A Salesman’s Lessons – What I studied is what I failed to see.

~C.R. Jena

ISBN-9789381576441

A Salesman's Lessons

C. R. Jena being a pass out from the prestigious IIT Kharagpur and then from XIMB uses trivial mathematics equations as his vade-mecum to establish analogies between mathematical models from the abstract (and his indulgence with science) into the tricky field of Sales, which he has been grappling for past many years.

I could not complete it. It is the second book so far that I could not complete. The first one was by Jay Elliot – The Steve Jobs Way.
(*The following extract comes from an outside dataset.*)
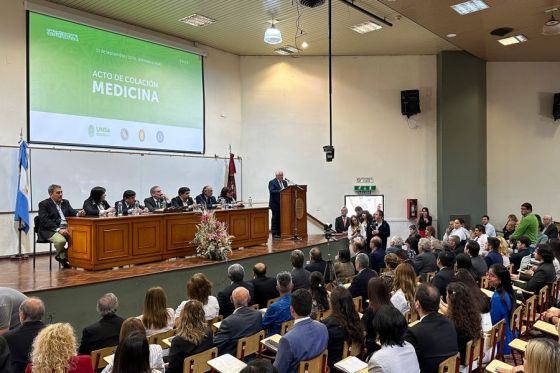 Los primeros estudiantes de Medicina de la UNSa recibieron sus diplomas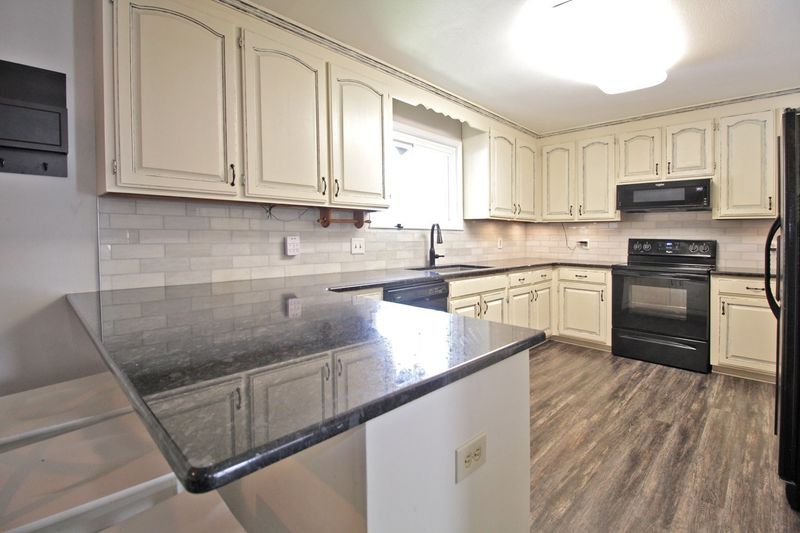 202 Applewood Dr, White House, TN 37188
Rather, it would be safe to say that I am not ready to receive what this book has to offer.

But I also think that not everything that is written in a diary, from which we learnt something should go into the making of a book. I sure can make everything fit, but making a fit isn’t the point in writing the book, to make sense is. Besides, it hovers mainly around selling, with traces of marketing acumen. An apt statement that ‘Humans as such have always been buying or selling something or the other’. But if it isn’t fun, it isn’t worth doing it. Everything can be made fun, but unfortunately, this book, for now did not help me becoming interested in sales.

The author offers advice to people into the sales business but lucidly adds that the content can act as guidance for anyone who reads it. Sure, it has very important life lessons, like calling people when there is no work, for the sake of talking, or for feedback, or giving a cold call, as he said, but if you don’t like it, well, don’t do it. The key points or the punch lines that the author wants us to make for our own at the end of each chapter appear more clichéd to me than saying it plainly.

It was a tedious read, the editing is sloppy and inadvertent typos have crept in, in many places. The topics are disconnected, paragraphs seem to be incoherent and the language is, well, trivial. There is more to poor editing rather than poor writing in the book. It feels like reading a print out of someone’s journal made in MS Word with all kinds of bulleting (without scheme) and the rationale of adding two back to back quotations at the start of every chapter which again in many cases are unformatted adds to a reader’s dismay.

The blurb on the back cover makes a claim that the book tries to find answers like ‘does what we learn in schools and colleges really apply in the real world’? The author has tried to explain mathematically (which is more of a learning aid for him as it seems from the book), but does not attempt to show if anything he learned in ‘Sales’ (Management course) helped him in the real world.

This isn’t a book for salesmen either. It doesn’t tell you how to sell, or how to sell well, but only what you should do before and after the sale has been made. Here, I’d make a generic claim that being social can be made a mechanical task by following guidelines, but sales isn’t exactly a field for the socially introverted. If I don’t feel at ease talking, then talking on the phone or in personal meetings will be artificial and that will show.

The bottom line? I will not recommend it to anyone, salesman or not.

P.S.: Another reason for my not being 'into' the book could be that it was a force read. But a force read book, if any good, can always get me interested if it is really good (according to my tastes).